Rural excitements

Supper with Michael Ruse on Monday evening, at which I did not shine, since I had a cold whose unpleasantness, fortunately, was almost entirely internal. Got back about quarter to midnight; spent the next day in bed, reading variously To Kill a Mockingbird,_ forced on me by daughter, for which I am grateful, Mary Wollstonecraft’s letters from Sweden, Dennett’s Intentional Stance and a bad book by Robert Silverberg.

Thoroughly refreshed, I fetched the papers this morning, and on my return noticed that all four tyres on the car had been punctured. This is the rent we pay for living on a road that runs up from the pubs of central Walden to the chavlands on the hills behind. Three or four other cars down the road had also been done, but only one or two tyres each. It had to be mine that was really expensively screwed with every tyre pierced by what the police believe were darts. The RAC breakdown service that I used to have has now been transformed into an insurance policy with, I discover when I ring, a £250 excess. This is still cheaper than four new tyres.
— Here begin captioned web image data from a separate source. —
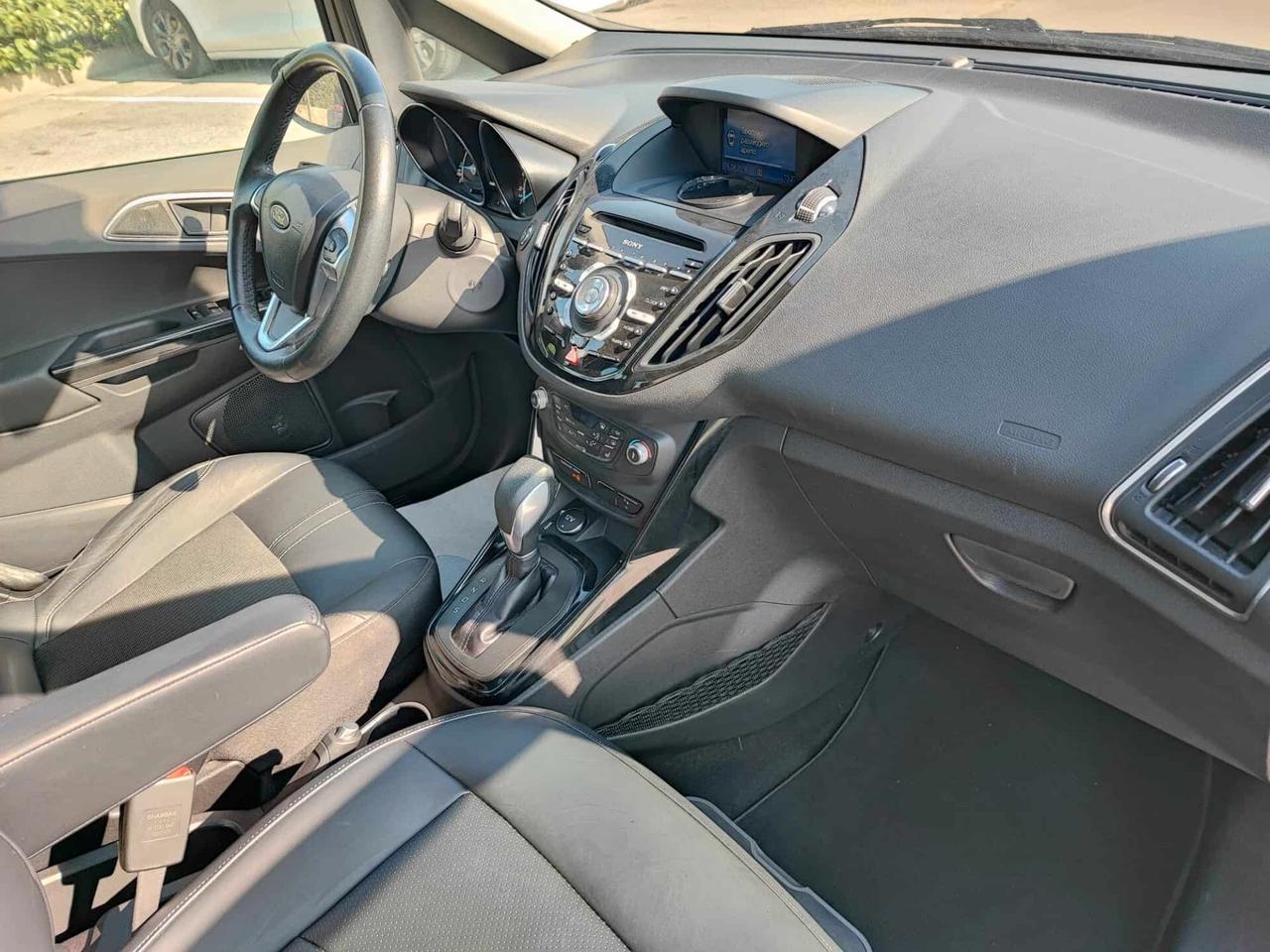 Ford B-Max con sedile girevole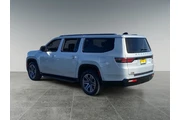 $38907 : Jeep Wagoneer L 2024 thumbnail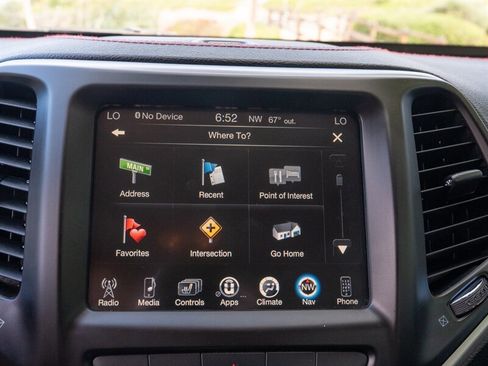 Used 2015 Jeep Cherokee Trailhawk w/ Comfort/Convenience Group image 21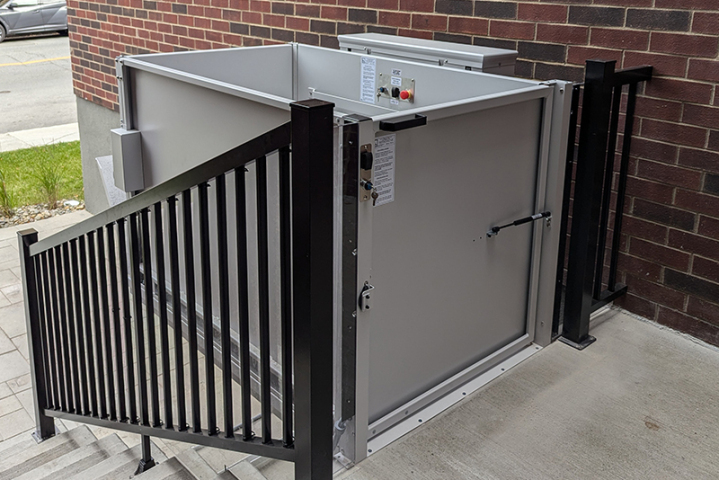 Vertical platform wheelchair lift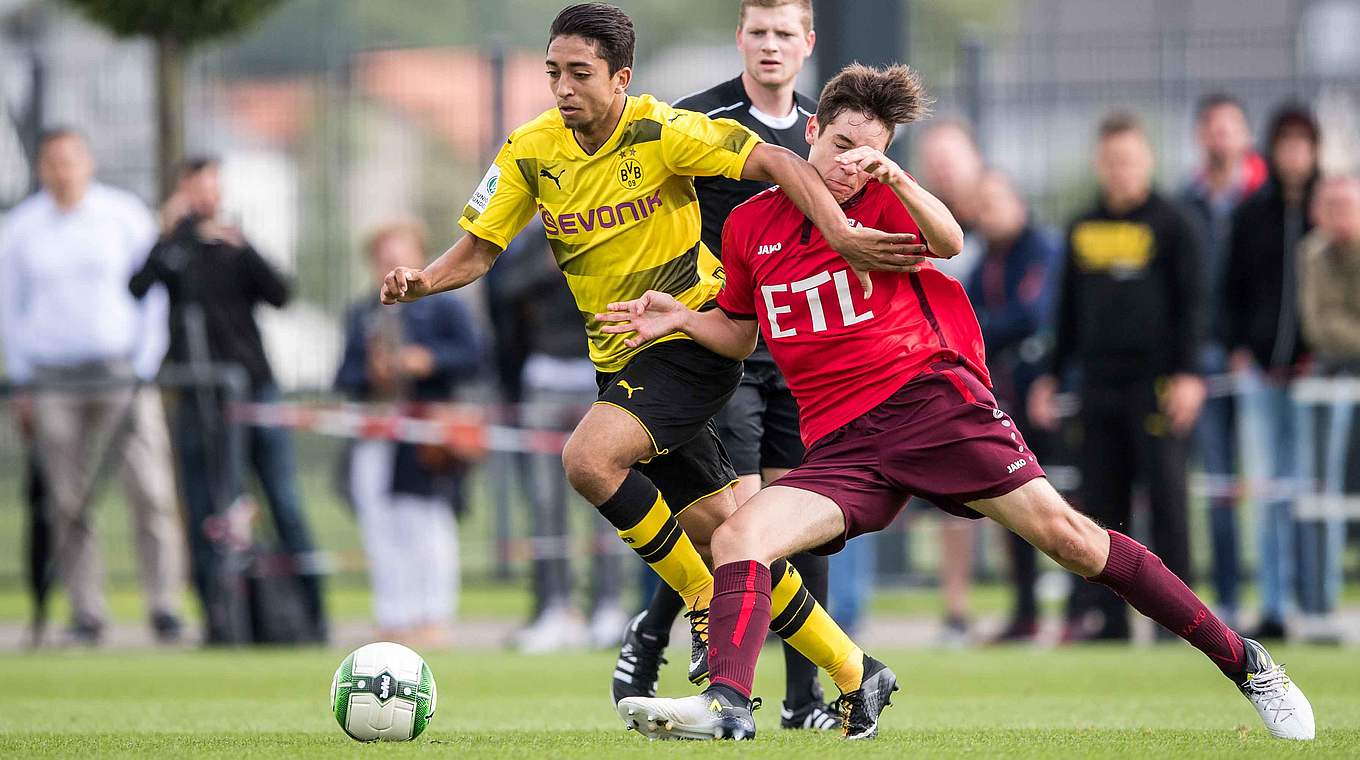 Gleicht für die Borussia aus: der Dortmunder Immanuel-Johannes Pherai (l.) © 2017 Getty Images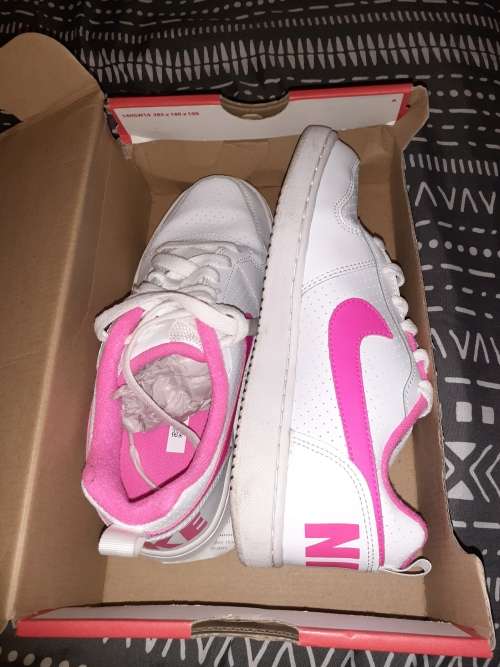Ladies Nike Sneakers Size UK 4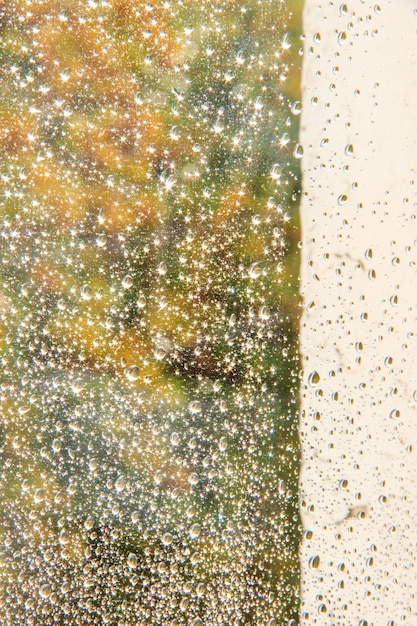 Foto las gotas de lluvia en la ventana de otoño después de una fuerte lluvia día soleado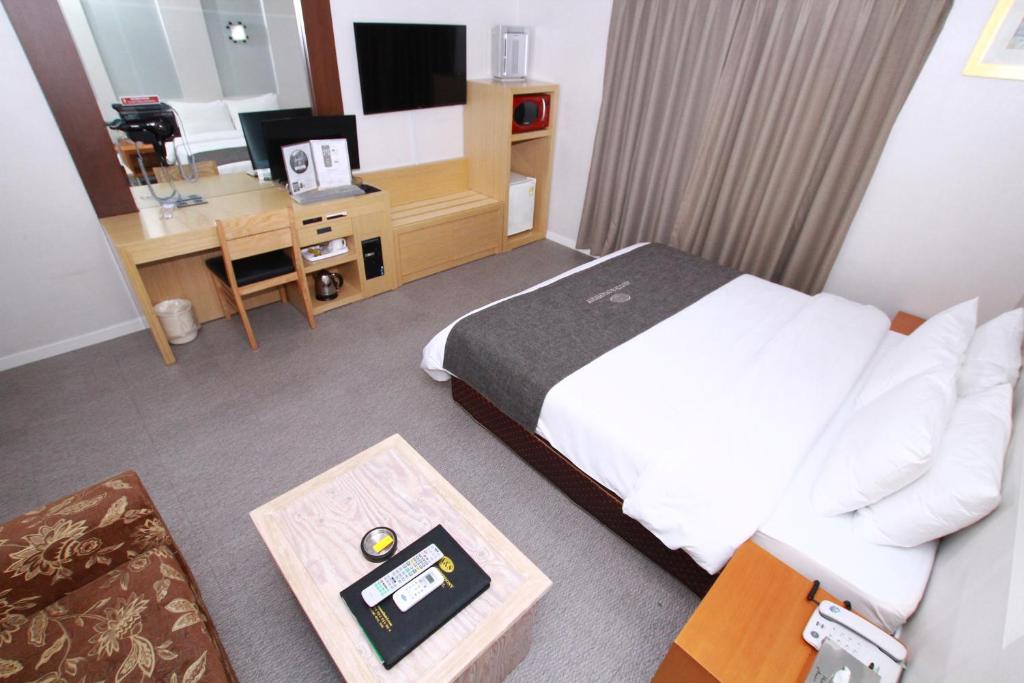 TV a/nebo společenská místnost v ubytování Symphony Hotel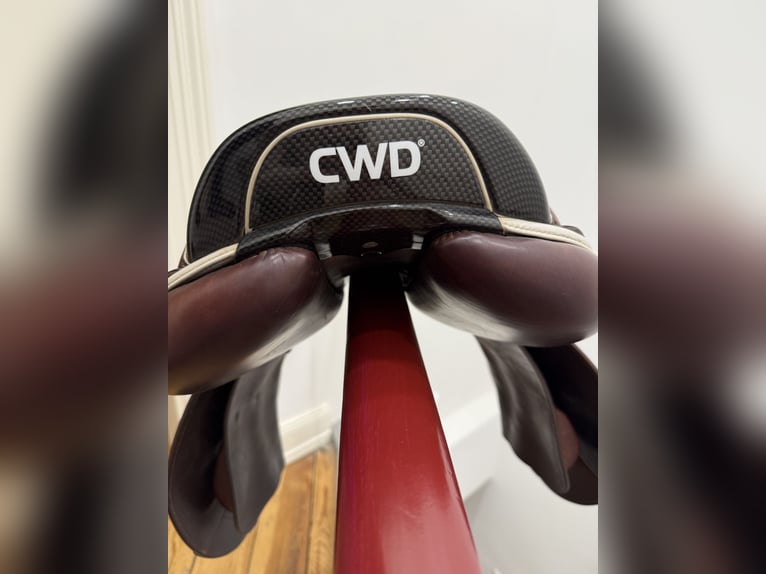 CWD SE25 (2GS) Spring-Sattel | 17" | 2L | TR | Top-Zustand 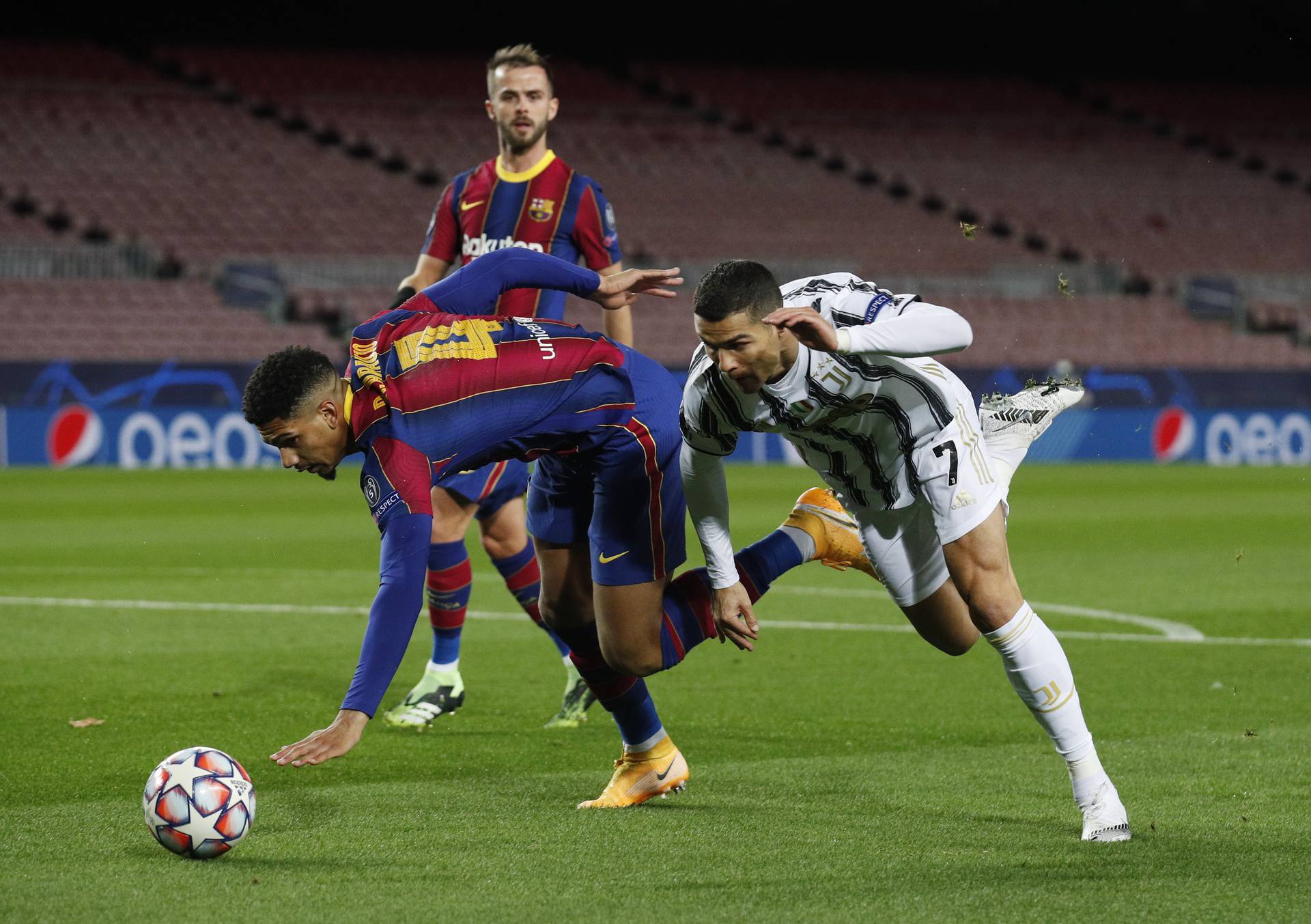 Champions League - Group G - FC Barcelona v Juventus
Wait in all day for the breakdown truck. The garage supposed to be sending it rings at 4.30pm to ask me when I am bringing the car in for an estimate … So I get to wait in tomorrow as well. In the meantime, I was chasing down a bureaucratic glitch at the Guardian in an attempt to get actually paid next month. We’ll know soon enough if that is successful.

Oh, and David Aaaronovitch wrote a cross letter claiming to have been traduced in the last Wormseye column and demanding an apology. So we have been exchanging email all afternoon without reaching any conclusion.

I suppose there are about 26m people in Iraq for whom this represents unimaginable luxury and security. But it’s hard to remember that when you are in the middle of it.